A emoção foi grande, mas devido o apoio da família, Ariane não perdeu as esperanças de viver. A jovem evangélica tem outro filho, de 2 anos, que a visita na enfermaria do Hospital Universitário (HGU), onde está internada. A jovem ainda não sabe que também perdeu o marido. 

Em entrevista ao RepórterMT, a mãe de Ariane, Eliane Rabelo, contou que a filha está consciente, porém, tem dificuldades para andar, mas segundo os médicos, em 6 meses de fisioterapia, ela não terá mais problemas. "Ela pergunta muito pelo marido. Temos medo dela não querer mais viver caso contemos a verdade. Falamos que ele está em tratamento em outro hospital", contou a mãe.

Para o irmão de Ariane, Marcos Rabelo, a ocultação da tragédia é apenas para prevenir a irmã, e o sobrinho de 2 anos, filho de Ariane. "Ela ainda tem uma cirurgia para fazer e um filho pequeno que precisa da mãe. Conversamos com os médicos e psicólogos, e ficou definido que vamos contar para ela ainda aqui no hospital, na semana que ela terá alta", disse o irmão.

A família agradece as orações feitas pela recuperação e afirmou que a jovem assim que estiver recuperada irá se pronunciar para agradecer as torcidas positivas. "Somos evangélicos e confiamos em Deus. Ele faz tudo na hora certa, não era a hora dela, então ela se tornou um milagre em nossas vidas", desabafou a mãe.

ENTENDA O CASO

O caminhão em que Ariane estava caiu em um precipício na localidade conhecida como Portão do Inferno, no dia 4 de junho, na rodovia que liga Cuiabá à Chapada dos Guimarães. Ela sobreviveu a uma queda de 75 metros de altura. O esposo e a filha de dois meses e meio, que também estavam no veículo, morreram na hora.
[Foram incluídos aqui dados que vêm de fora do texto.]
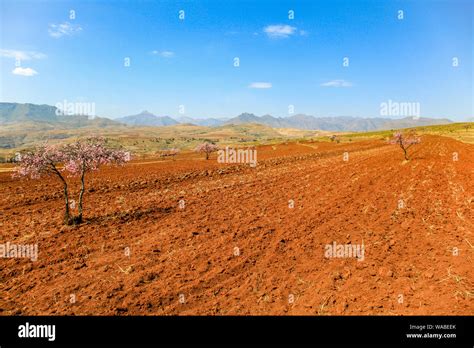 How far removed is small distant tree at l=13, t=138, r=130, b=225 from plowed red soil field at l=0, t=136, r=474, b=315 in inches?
112

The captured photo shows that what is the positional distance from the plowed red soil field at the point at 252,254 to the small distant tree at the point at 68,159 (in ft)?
9.31

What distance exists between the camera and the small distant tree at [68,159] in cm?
1677

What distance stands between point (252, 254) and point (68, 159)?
465 inches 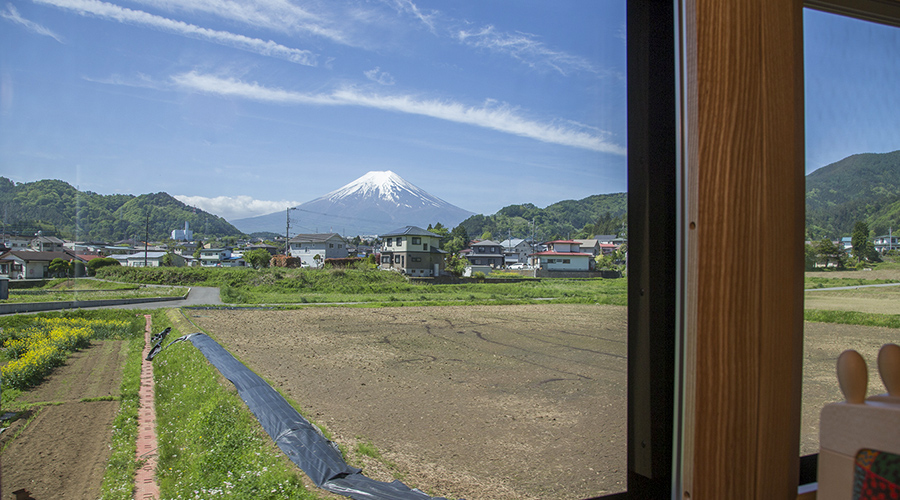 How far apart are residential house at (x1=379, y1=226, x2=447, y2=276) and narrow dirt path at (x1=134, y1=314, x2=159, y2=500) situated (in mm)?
5882

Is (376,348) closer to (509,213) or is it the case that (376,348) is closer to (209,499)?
(509,213)

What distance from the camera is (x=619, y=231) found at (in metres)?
1.74

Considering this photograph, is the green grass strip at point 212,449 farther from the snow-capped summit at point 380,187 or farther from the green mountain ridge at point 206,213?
the snow-capped summit at point 380,187

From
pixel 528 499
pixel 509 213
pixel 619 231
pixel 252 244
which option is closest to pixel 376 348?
pixel 252 244

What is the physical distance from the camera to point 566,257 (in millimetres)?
5199

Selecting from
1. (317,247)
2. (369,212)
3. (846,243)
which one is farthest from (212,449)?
(317,247)

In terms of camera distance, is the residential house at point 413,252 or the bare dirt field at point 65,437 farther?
the residential house at point 413,252

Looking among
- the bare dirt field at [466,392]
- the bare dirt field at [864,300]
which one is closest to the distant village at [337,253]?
the bare dirt field at [864,300]

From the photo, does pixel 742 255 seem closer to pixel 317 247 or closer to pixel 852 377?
pixel 852 377

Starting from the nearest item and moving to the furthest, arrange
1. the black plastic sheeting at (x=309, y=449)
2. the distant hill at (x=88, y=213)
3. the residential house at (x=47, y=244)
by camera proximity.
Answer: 1. the distant hill at (x=88, y=213)
2. the residential house at (x=47, y=244)
3. the black plastic sheeting at (x=309, y=449)

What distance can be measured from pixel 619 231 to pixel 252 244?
381 centimetres

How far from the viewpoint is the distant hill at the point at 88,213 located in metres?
1.23

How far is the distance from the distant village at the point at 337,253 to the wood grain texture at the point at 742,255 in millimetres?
1085

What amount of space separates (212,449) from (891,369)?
2272 mm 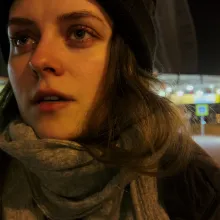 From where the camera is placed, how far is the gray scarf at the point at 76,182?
51 centimetres


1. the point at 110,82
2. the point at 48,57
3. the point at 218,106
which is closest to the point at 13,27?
the point at 48,57

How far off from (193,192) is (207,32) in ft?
4.56

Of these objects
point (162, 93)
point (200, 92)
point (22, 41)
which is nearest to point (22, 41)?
point (22, 41)

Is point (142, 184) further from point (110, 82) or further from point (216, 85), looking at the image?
point (216, 85)

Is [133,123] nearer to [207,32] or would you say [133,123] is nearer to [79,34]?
[79,34]

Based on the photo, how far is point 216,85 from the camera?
1418 millimetres

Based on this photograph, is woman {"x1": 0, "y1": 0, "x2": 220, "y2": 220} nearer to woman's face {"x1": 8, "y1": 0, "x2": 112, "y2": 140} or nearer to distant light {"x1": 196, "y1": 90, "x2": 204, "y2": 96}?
woman's face {"x1": 8, "y1": 0, "x2": 112, "y2": 140}

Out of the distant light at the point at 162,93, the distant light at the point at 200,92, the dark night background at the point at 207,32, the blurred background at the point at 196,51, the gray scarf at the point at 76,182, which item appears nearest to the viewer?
the gray scarf at the point at 76,182

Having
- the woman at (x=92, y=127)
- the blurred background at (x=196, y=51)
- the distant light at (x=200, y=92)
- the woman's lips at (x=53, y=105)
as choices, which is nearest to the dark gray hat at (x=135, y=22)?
the woman at (x=92, y=127)

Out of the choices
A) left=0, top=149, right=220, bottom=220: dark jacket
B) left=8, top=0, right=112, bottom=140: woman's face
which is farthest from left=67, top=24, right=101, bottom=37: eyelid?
left=0, top=149, right=220, bottom=220: dark jacket

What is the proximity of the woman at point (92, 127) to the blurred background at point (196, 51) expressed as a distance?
1.54ft

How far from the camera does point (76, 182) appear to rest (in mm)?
548

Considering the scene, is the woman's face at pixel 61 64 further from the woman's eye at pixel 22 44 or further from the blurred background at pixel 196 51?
the blurred background at pixel 196 51

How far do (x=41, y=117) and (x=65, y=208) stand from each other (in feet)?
0.65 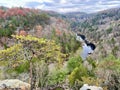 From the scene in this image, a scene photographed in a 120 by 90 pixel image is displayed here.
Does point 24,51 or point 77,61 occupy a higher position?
point 24,51

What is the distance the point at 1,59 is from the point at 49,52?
383cm

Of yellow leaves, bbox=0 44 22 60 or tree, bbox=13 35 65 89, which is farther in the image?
yellow leaves, bbox=0 44 22 60

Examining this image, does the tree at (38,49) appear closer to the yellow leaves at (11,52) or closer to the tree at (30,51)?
the tree at (30,51)

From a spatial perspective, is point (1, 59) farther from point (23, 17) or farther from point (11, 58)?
point (23, 17)

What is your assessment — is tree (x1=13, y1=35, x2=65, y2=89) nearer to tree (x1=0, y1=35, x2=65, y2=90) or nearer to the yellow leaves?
tree (x1=0, y1=35, x2=65, y2=90)

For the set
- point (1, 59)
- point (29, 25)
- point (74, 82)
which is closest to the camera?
point (1, 59)

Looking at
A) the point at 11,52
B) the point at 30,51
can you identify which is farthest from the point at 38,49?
the point at 11,52

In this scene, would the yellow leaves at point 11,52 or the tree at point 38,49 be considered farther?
the yellow leaves at point 11,52

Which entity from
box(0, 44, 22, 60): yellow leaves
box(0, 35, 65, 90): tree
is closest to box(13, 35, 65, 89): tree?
box(0, 35, 65, 90): tree

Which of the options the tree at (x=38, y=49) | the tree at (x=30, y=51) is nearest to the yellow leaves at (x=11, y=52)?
the tree at (x=30, y=51)

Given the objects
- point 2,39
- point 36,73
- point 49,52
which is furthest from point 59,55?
point 2,39

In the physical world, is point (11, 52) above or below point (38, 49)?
below

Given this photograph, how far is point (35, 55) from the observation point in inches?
958

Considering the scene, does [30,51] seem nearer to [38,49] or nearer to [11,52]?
[38,49] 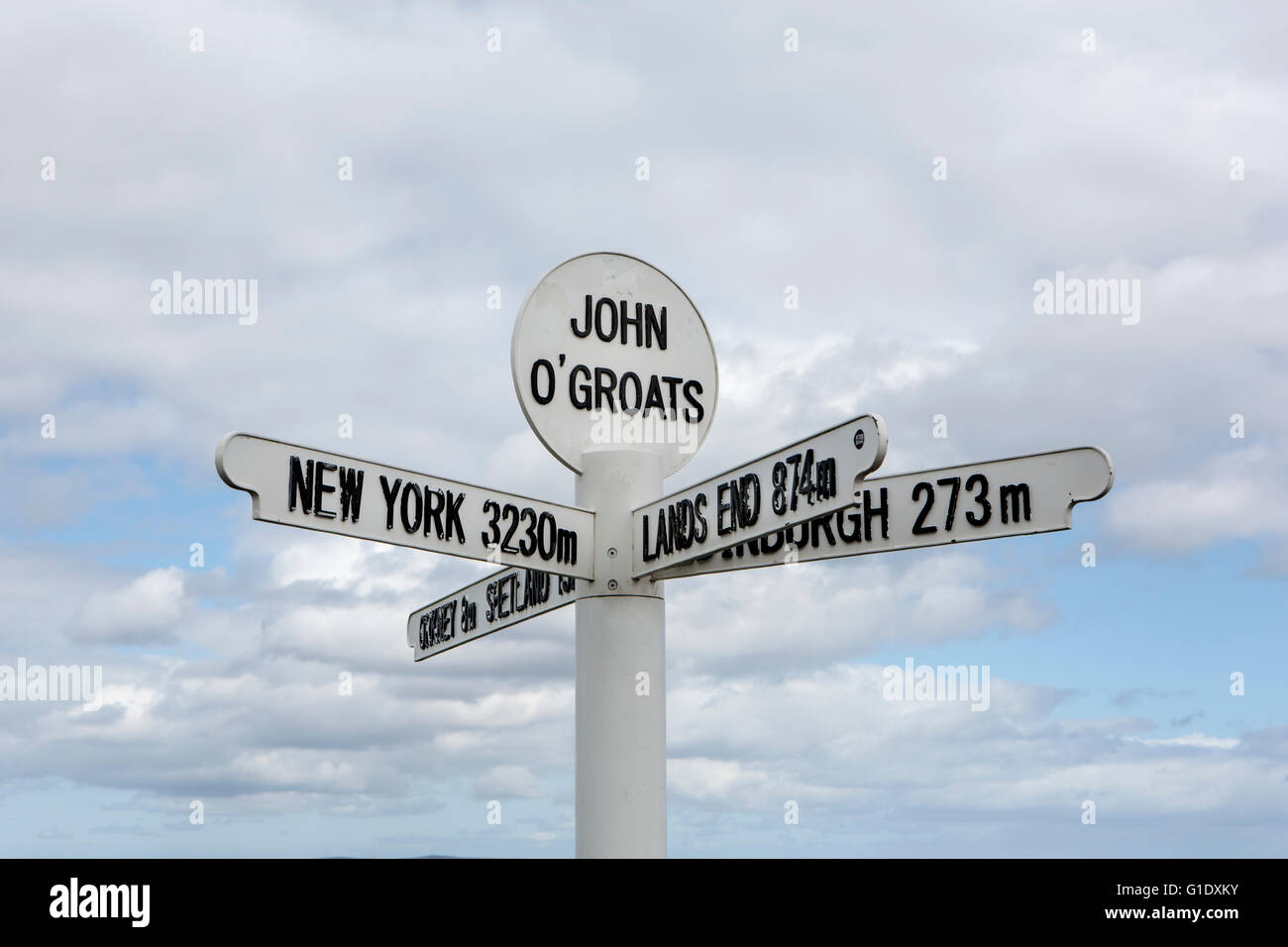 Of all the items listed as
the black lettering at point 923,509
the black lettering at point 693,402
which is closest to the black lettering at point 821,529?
the black lettering at point 923,509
Segundo o Delegado Policia Civil de Chapada dos Guimarães, João Bosco, que investiga o caso, tudo indica ter sido falha humana. Ele aguarda o pronunciamento das testemunhas do acidente. "Teremos que aguardar a moça que está ainda em tratamento médico, para concluirmos o inquérito e confirmarmos mesmo se houve falha humana para continuar nossa investigação", disse.